I decided to try and get this message across in the lab last week. We just covered classes and exception handling, so the first part of the lab asked them to write a program to survey the visitors on campus, and having functions that verify their input (name, age, gender, phone number, etc.). I helpfully provided short vignettes like this one:
- Rudolph Feierabend has lived in Eagle Rock/north-east LA since 1961, when his parents immigrated to the US, bringing then-seventeen Rolf in tow. He has been retired for a couple years now, and takes his husky lab Winston on walks through campus every so often. Although he has an email account email@example.com, Rolf says he doesn’t check it anymore and should just call him at home (323) 827-6316.
That was about the level of instruction I gave to students, leaving it up to them as to what they should check for. The object-oriented programming was straightforward, while students had to think through how they would verify the various fields. Some students made sure that names do not have punctuation, some students checked that a phone number had 10 or 11 digits (depending on whether the user typed “+1”), some students asked for the city and state of origin separately. Fairly standard programming exercise, took 1.5-2 hours, with just enough creative freedom to not be boring.
Once students showed me their code works (with me playing devil’s advocate on what they may want to rule out), the second part of the lab springs the trap. I gave students two new vignettes:
- Chun Ying Tsang (20) is an exchange student from Birmingham in England. He is here for the summer program, and only just moved into his dorm yesterday. Although Chun Ying has an email address (Terrif.Ying@yahoo.com), he only has his UK cell phone +44 075 9921 9264.

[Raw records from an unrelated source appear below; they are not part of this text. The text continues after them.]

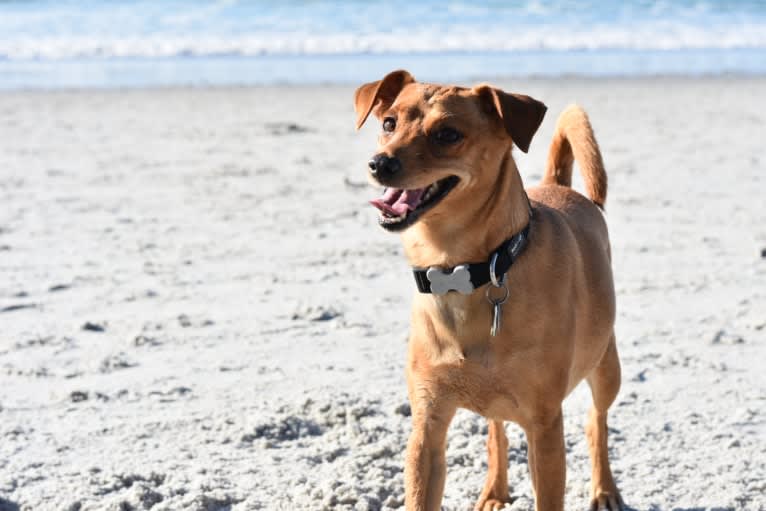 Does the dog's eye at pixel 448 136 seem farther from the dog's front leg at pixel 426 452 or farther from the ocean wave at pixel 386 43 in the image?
the ocean wave at pixel 386 43

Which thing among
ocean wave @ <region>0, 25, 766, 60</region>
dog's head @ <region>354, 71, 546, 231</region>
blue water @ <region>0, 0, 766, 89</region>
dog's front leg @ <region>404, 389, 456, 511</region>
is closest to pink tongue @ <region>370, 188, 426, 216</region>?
dog's head @ <region>354, 71, 546, 231</region>

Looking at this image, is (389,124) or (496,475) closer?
(389,124)

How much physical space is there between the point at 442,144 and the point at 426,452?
3.03 feet

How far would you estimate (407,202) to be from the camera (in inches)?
118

- Ash Reid-Chapman (33) has been invited to speak at an event co-hosted by CODE and Project SAFE. Drawing on personal experience growing up in Portage, MI, Ash will be talking the discrimination faced by the transgender community, and how allies can support those who are transitioning. Due to previous harassment, Ash refused to give out a phone number or an email, instead directing you to the National Center for Transgender Equality website.
The twist, of course, is that people are more complicated and diverse than students thought. My original vignettes deliberately depicted a homogeneous sample of visitors: single-word first and last names, easily identifiable as male or female, all with US phone numbers and places of origin. I had to be a little evasive with how I answer student questions – asking if they themselves would be happy with their checks if they needed the data – but everyone made at least one assumption that didn’t hold. The verification for gender caught the fewest students (although one or two pairs did enforce a binary gender), while the verification for phone number caught most groups (some groups allowed anything with seven or more digits). The hyphenated last name caught some groups that only allowed letters (I should have had a name with an apostrophe as well), and I don’t think a single group allowed the user to not provide an answer.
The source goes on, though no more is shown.